70th Rally of Monte Carlo
Round 1 of the 2002 FIA World Rally Championship
17 - 20 January 2002
Just weeks after Richard Burns and Peugeot secured the 2001 FIA World Rally Championship titles, the defence of their respective crowns begins tomorrow morning on the opening round of the 2002 series, the Rallye Monte Carlo. Burns and Peugeot have joined forces for 2002, kick-starting one of the biggest shake-ups of the rally transfer market in recent years. Four-times world champion Tommi Mäkinen moves from Mitsubishi to replace Burns at Subaru, while Francois Delecour and Alister McRae have joined Ralliart to form the team's first brand-new driver line-up in seven years. All seven manufacturer teams will be present on the notoriously fickle mountain passes north of Monaco.
The changes aren't confined to the teams, either. Changes to the starting order rules mean that while the drivers will start tomorrow's first stages in last year's championship classification order, the top 15 at the end of each leg will be reversed for the following morning. And the manufacturers' series has been made more straight forward - instead of having just two nominated entries, manufacturers will be able to score points with the two highest-placed cars from their official entries.
Technical: Peugeot's 206 WRCs are essentially the same specification as those which contested Sanremo and Corsica towards the end of last season. All three cars are brand new for this event and they will run three computer-controlled 'active' differentials. Gilles Panizzi's car is also fitted with a hydraulic anti-roll bar.
Sporting: Peugeot has entered three official cars - for reigning world champion Richard Burns, 2000 title-holder Marcus Grönholm and asphalt expert Gilles Panizzi. The team's fourth regular driver, Harri Rovanperä, will drive a 206 WRC run by private team Bozian.
Quotes: Richard Burns said: "It's going to be a tough rally here. The dry weather will probably help me a bit, because it's at least consistent and the conditions are similar to whenever I did my pre-event test. But I think everyone will benefit from drier roads anyway. I've got a pretty good feeling with the car now, but I'll be happy to get a few points to start the season."
Marcus Grönholm said: "It's very difficult to say what will happen in Monte Carlo. There's no obvious favourite here. I only did one day's full testing for this event but the car felt quite good."

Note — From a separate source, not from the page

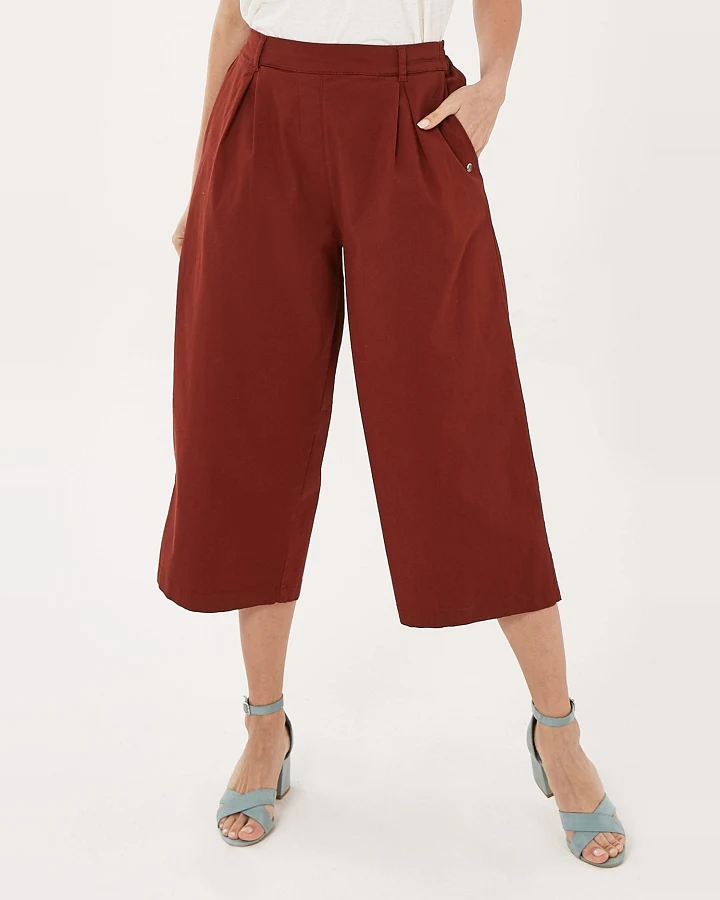 ORGANICATION Damen vegan Culotte Hose Dunkelrot Braun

Gilles Panizzi said: "I feel quite confident. We did quite a good test for this rally and even though it's Monte Carlo, it looks like the conditions will be pretty dry. We know the 206 WRC is a good car for asphalt, but this rally hasn't been kind to Peugeot in the past few years so I just hope we get a clean run."
Technical: Ford is the only team to introduce its 2002-specification car in Monte Carlo. The Focus RS WRC02 features a host of revisions over its predecessor, concentrating on the engine. The motor features a revised cylinder head as well as lighter flywheel and crankshaft, and different cooling. The Focus's power steering pump has been moved as well to make it less vulnerable to impact damage on rougher roads. Other changes to the car include a different dashboard layout (with all switches relocated lower in the console) and a repositioned handbrake.
Sporting: Ford has entered three Focus RS WRC02s - for Colin McRae and Carlos Sainz, and for new signing Markko Märtin. The team will field all three drivers on all 14 rounds of this year's FIA World Rally Championship.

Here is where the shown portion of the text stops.